Twin City argues that the exclusionary language unambiguously excludes coverage for business income that was lost as a result of the COVID-19 pandemic. ECF 42, Opposition at 9. Hamilton disagrees, and seems to argue that due to such factors as the title of the Endorsement (“Limited Fungi, Bacteria or Virus Coverage”), its layout, and the fact that it has a separate $50,000 limit, a reasonably prudent policyholder would understand the Endorsement to cover Hamilton's claim.5 Pl. Mot. at 19–21. That is not a reasonable reading of the Endorsement or the Policy as a whole.
Courts around the country have already had occasion to review insurance policies including the same or substantially similar exclusionary language in the context of COVID-19 related business income or business interruption claims. Those courts have almost 6 universally concluded that the applicable virus exclusions unambiguously bar coverage for COVID-19 related claims for lost income. See, e.g., Franklin EWC, Inc. v. Hartford Fin. Servs. Grp., Inc., 488 F. Supp. 3d 904, 907 (N.D. Cal. 2020) (“Sentinel has met its burden of proving that the Virus Exclusion applies to Plaintiffs' allegations of coverage.”); N&S Rest. LLC v. Cumberland Mut. Fire Ins. Co., 499 F. Supp. 3d 74, 80 (D.N.J. 2020) (“Moreover, a survey of the case law on this issue reveals that federal courts interpreting virtually identical ‘Virus Exclusions’ have nearly unanimously determined that these exclusions bar coverage of similar claims.”) (collecting cases); Raymond H Nahmad DDS PA v. Hartford Cas. Ins. Co., 499 F. Supp. 3d 1178, 1190 (S.D. Fla. 2020) (collecting cases); Wilson v. Hartford Cas. Co., 492 F. Supp. 3d 417, 427 (E.D. Pa. 2020).
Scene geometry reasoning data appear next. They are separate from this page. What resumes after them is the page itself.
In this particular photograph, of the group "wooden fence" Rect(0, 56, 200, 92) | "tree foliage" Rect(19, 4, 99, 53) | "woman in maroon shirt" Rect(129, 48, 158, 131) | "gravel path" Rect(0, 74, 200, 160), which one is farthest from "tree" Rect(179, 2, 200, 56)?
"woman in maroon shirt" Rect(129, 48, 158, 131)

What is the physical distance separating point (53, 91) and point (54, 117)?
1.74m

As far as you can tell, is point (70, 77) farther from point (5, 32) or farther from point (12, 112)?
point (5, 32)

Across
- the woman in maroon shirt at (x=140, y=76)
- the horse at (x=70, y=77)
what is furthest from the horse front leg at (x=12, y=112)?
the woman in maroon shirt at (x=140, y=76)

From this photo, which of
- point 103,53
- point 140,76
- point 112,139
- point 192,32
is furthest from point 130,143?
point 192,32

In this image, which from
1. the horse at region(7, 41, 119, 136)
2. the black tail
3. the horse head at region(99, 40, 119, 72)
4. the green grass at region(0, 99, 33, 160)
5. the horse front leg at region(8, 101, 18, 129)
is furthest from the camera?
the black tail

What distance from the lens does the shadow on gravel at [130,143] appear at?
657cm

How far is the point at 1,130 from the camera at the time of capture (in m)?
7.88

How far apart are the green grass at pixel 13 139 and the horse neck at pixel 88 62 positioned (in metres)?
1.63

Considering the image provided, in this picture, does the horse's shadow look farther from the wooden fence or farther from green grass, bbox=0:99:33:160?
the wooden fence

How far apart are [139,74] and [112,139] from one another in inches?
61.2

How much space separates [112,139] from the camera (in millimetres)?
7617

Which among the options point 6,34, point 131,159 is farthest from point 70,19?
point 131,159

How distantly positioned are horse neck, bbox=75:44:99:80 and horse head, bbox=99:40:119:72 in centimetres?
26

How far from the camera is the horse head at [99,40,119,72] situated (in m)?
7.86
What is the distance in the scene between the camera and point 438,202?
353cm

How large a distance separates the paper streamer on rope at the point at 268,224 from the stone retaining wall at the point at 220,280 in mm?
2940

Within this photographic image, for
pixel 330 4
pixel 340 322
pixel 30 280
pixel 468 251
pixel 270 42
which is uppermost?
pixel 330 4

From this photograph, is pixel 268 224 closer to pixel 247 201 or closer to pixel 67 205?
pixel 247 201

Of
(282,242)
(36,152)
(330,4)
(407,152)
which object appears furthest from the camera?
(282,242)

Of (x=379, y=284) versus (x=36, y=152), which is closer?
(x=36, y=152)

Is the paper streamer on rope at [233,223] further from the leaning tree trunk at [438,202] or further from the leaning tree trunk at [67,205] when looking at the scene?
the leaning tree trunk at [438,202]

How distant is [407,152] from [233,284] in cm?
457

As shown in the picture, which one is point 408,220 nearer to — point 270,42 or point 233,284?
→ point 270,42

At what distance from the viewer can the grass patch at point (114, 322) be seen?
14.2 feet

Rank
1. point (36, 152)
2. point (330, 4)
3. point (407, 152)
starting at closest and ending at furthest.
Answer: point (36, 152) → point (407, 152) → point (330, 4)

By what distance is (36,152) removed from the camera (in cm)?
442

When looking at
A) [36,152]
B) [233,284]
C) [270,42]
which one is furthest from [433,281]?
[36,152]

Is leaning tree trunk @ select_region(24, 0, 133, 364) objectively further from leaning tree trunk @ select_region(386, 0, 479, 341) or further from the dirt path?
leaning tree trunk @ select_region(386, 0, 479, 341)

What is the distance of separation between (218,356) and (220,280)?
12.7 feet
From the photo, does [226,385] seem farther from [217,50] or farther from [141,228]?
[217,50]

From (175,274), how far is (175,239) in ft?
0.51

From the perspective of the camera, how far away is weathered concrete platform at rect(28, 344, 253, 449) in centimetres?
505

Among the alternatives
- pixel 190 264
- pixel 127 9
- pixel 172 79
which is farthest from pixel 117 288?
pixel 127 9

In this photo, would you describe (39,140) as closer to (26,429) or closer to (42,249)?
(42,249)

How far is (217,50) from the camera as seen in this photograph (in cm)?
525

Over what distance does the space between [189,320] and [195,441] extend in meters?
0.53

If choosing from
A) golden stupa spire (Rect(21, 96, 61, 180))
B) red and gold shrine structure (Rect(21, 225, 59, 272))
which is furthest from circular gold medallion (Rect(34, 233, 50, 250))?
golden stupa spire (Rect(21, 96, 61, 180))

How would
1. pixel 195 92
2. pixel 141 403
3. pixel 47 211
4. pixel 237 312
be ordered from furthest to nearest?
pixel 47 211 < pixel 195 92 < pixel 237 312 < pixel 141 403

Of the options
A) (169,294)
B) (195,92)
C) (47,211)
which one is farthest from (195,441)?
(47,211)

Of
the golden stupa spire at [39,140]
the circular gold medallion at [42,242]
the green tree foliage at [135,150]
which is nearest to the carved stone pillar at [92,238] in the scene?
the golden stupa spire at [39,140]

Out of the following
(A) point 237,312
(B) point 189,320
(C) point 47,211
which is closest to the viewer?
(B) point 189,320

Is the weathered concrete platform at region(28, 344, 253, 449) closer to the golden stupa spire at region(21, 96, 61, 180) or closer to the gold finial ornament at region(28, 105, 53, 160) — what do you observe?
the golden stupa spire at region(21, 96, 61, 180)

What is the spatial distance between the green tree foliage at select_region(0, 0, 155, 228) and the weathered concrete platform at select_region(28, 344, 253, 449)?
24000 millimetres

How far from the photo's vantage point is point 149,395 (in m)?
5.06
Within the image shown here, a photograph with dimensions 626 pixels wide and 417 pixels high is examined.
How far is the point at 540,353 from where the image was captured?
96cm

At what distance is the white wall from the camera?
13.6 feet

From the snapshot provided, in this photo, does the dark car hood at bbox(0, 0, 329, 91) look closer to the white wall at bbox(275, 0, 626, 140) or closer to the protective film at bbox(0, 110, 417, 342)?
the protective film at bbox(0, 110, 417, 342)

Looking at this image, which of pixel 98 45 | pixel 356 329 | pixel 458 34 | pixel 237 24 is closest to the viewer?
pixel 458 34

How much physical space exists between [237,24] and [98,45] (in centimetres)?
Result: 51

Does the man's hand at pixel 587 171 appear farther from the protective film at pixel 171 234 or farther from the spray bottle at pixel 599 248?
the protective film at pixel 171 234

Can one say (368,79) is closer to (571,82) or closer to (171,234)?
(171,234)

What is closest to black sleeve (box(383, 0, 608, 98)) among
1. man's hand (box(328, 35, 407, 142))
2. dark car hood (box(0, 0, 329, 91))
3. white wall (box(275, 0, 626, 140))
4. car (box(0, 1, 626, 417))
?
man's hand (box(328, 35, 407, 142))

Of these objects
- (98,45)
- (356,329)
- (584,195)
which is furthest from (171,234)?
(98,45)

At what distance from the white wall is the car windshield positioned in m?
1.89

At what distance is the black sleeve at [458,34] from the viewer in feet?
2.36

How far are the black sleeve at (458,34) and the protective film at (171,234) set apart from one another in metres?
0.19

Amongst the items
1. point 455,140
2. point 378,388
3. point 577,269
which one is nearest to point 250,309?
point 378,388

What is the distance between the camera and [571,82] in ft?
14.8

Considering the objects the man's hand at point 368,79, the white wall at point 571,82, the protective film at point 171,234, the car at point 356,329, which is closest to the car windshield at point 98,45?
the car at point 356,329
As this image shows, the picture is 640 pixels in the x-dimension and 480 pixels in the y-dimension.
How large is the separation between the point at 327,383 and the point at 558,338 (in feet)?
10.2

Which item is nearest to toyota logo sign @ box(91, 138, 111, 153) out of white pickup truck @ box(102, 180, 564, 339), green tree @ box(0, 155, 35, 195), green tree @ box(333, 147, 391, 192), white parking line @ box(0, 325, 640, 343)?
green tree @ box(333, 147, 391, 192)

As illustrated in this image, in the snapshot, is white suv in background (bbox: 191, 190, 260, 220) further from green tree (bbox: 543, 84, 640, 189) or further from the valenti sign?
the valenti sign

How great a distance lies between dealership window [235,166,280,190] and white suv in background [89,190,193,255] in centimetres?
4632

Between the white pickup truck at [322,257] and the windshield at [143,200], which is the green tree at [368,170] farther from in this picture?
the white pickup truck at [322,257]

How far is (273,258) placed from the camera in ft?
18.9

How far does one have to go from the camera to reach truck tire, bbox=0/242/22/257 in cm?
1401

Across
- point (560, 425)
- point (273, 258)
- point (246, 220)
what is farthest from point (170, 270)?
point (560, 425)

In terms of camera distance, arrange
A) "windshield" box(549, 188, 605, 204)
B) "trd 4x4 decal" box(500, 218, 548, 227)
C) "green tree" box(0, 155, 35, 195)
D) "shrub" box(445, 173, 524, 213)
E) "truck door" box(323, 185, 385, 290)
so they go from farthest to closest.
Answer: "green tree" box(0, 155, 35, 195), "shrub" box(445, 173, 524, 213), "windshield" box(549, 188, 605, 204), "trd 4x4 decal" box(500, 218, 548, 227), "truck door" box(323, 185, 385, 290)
Hamilton's claim falls squarely within the exclusionary terms of the Endorsement, which unambiguously bars coverage for loss or damage arising out of a virus. Accordingly, consistent with the findings of the overwhelming majority of courts, I find that the Endorsement bars coverage for Hamilton's claim for business income 7 lost as a result of COVID-19.
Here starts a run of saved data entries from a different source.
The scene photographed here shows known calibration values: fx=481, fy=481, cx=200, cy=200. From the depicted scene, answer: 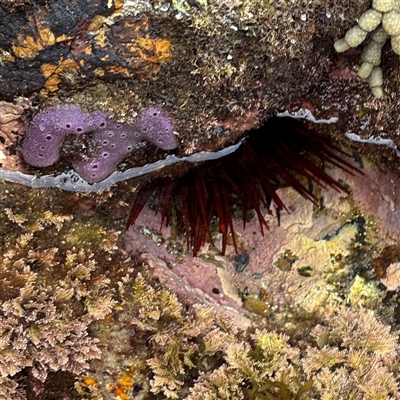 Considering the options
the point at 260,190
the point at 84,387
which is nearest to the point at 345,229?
the point at 260,190

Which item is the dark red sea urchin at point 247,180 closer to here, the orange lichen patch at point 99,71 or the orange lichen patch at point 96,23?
the orange lichen patch at point 99,71

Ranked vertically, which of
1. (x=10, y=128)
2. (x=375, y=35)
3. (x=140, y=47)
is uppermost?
(x=375, y=35)

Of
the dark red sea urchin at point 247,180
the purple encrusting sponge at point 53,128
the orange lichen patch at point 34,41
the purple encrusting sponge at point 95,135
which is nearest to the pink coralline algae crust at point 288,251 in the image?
the dark red sea urchin at point 247,180

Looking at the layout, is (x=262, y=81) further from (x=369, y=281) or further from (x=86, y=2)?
(x=369, y=281)

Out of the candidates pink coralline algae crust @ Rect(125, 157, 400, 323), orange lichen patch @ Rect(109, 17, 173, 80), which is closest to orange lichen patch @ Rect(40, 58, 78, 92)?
orange lichen patch @ Rect(109, 17, 173, 80)

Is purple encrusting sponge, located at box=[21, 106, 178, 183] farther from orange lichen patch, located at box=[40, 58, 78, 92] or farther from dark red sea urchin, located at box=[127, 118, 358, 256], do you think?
dark red sea urchin, located at box=[127, 118, 358, 256]

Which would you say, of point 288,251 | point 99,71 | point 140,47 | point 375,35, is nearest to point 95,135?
point 99,71

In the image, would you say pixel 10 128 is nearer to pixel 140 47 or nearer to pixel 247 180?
pixel 140 47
iii. Hamilton's claim does not fall within the narrow coverage grant in the Endorsement.
Hamilton asserts next that its claim falls within the Endorsement's coverage grant for loss or damage that is caused by a virus, when that virus is, in turn, caused by a “specified cause of loss.” Pl. Mot. at 24–27; Policy at 124. Here, Hamilton alleges the virus arose out of a “civil commotion,” namely the “members of the public revolt[ing] against the closures, risking potential additional infections.” Pl. Mot. at 26. This argument is too clever by half.
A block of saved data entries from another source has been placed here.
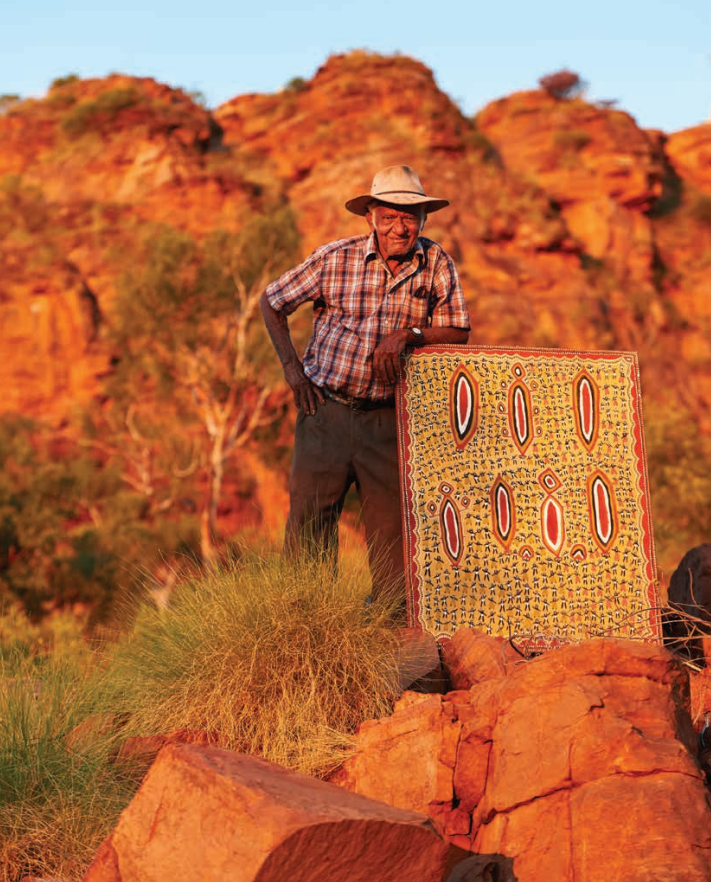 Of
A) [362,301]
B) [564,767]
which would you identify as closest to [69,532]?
[362,301]

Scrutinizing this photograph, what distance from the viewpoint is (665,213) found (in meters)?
39.4

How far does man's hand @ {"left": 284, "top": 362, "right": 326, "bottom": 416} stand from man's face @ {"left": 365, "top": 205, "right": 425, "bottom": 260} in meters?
0.66

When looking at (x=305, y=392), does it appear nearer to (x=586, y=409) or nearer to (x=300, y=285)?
(x=300, y=285)

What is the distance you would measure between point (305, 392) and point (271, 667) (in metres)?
1.39

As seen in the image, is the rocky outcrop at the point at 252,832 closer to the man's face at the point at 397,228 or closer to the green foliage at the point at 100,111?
the man's face at the point at 397,228

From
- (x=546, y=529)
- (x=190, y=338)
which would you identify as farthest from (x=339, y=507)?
(x=190, y=338)

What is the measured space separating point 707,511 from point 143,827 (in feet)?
52.4

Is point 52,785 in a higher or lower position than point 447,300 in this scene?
lower

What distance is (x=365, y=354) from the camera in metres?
4.87

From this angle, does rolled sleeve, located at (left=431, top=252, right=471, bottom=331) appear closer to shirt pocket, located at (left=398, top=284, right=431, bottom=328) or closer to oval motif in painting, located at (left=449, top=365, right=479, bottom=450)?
shirt pocket, located at (left=398, top=284, right=431, bottom=328)

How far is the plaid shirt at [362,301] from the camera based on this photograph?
4.88m

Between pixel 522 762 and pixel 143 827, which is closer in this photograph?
pixel 143 827

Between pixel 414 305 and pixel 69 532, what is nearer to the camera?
pixel 414 305

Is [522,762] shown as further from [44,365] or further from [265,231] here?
[44,365]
“Civil commotion” is not defined in the Policy. Courts have variously defined the term as “essentially a kind of domestic disturbance ․ such as occur among fellow-citizens or within the limits of one community․ For there to be a civil commotion, the agents causing the disorder must gather together and cause a disturbance and tumult,” Holiday Inns Inc. v. Aetna Ins. Co., 571 F. Supp. 1460, 1466–67 (S.D.N.Y. 1983), and as an “uprising among a mass of people which occasions a serious and prolonged disturbance and an infraction of civil order, not attaining the status of war or an armed insurrection. A civil commotion requires the wild or irregular action of many persons assembled together.” Hartford Fire Ins. Co., Hartford, Conn., v. War Eagle Coal Co., 295 F. 663, 665 (4th Cir. 1924).
Except to assert in conclusory fashion in its complaint that COVID-19 “was and is being spread as a result of, inter alia, civil commotion in March 2020 and thereafter,” Hamilton has not pleaded any facts indicating that a civil commotion was the cause of the virus that led to its alleged loss. Complaint ¶ 28. Instead, Hamilton attaches two news articles as exhibits to its brief that describe public protests and police response to violations of the Governor's shutdown order. Pl. Mot. Exh. O and P. Leaving aside the question of whether the events described in those articles rise to the level of “civil commotion,” it is not clear as a matter of logic how protests in response to the Governor's shutdown order could have resulted in the virus that the shutdown orders were issued to control. In other words, Hamilton appears to have it backwards—the virus resulted in the alleged “civil commotion,” not the other way around. And only the former falls under the Endorsement's limited coverage grant.
Finally, coverage for loss or damage caused by a virus that arises out of a “civil commotion” is limited to “direct physical loss or direct physical damage” to covered property. Policy at 124 (emphasis added). As explained in Section C, below, Hamilton did not suffer direct physical loss or direct physical damage.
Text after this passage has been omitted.